Work instructions:
Set down each line of the data exactly, but not the pictures.

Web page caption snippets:
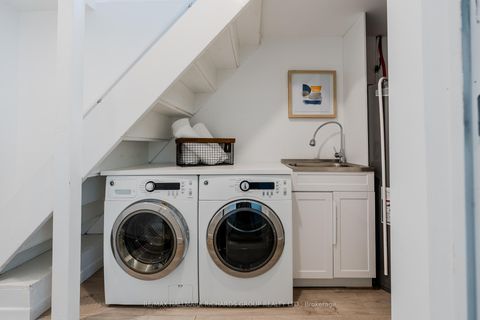 Photo 34 at 389 Woodbine Avenue, The Beaches, Toronto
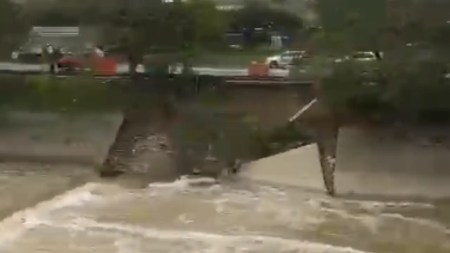 Autoridades avanzan en las acciones para mitigar el impacto del colapso en el canal del río Medellín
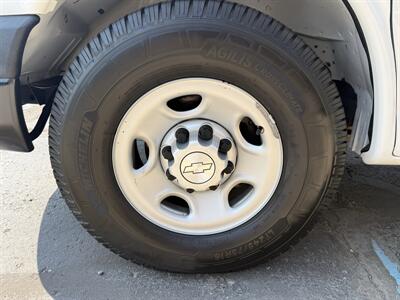 2017 Chevrolet Express 3500 155 " Wheelbase - Photo 9 - Flushing, MI 48433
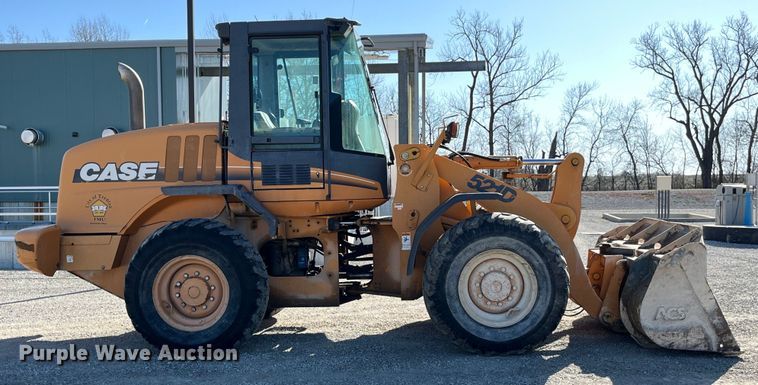 image for item LD9343 2001 Case 521D wheel loader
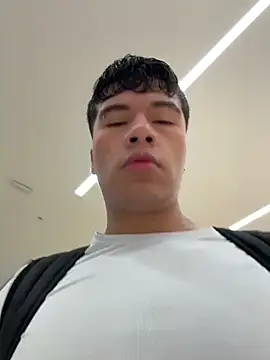 Logan smith1 online show from 12/05/25, 06:39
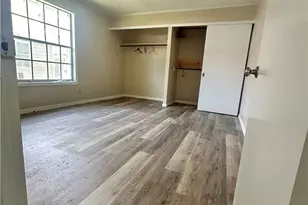 401 Walnut, Yoakum, TX 77954 - Photo 13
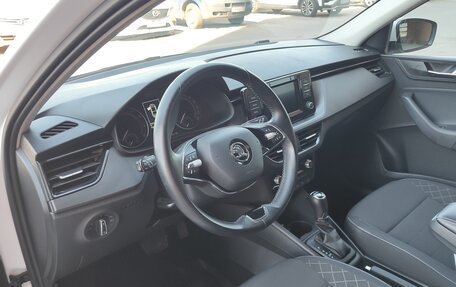Skoda Rapid II, 2021 год, 1 599 000 рублей, 9 фотография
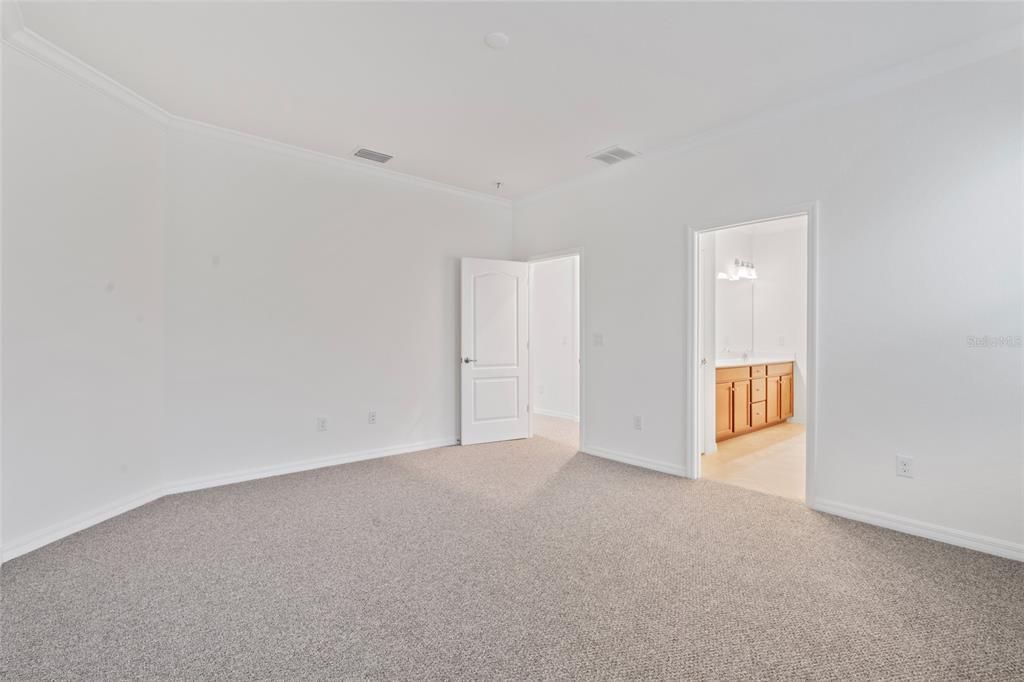 For Sale: $525,000 (2 beds, 2 baths, 1908 Square Feet)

Response:
 Photo 34 at 389 Woodbine Avenue, The Beaches, Toronto
 Autoridades avanzan en las acciones para mitigar el impacto del colapso en el canal del río Medellín
 2017 Chevrolet Express 3500 155 " Wheelbase - Photo 9 - Flushing, MI 48433
 image for item LD9343 2001 Case 521D wheel loader
 Logan smith1 online show from 12/05/25, 06:39
 401 Walnut, Yoakum, TX 77954 - Photo 13
Skoda Rapid II, 2021 год, 1 599 000 рублей, 9 фотография
 For Sale: $525,000 (2 beds, 2 baths, 1908 Square Feet)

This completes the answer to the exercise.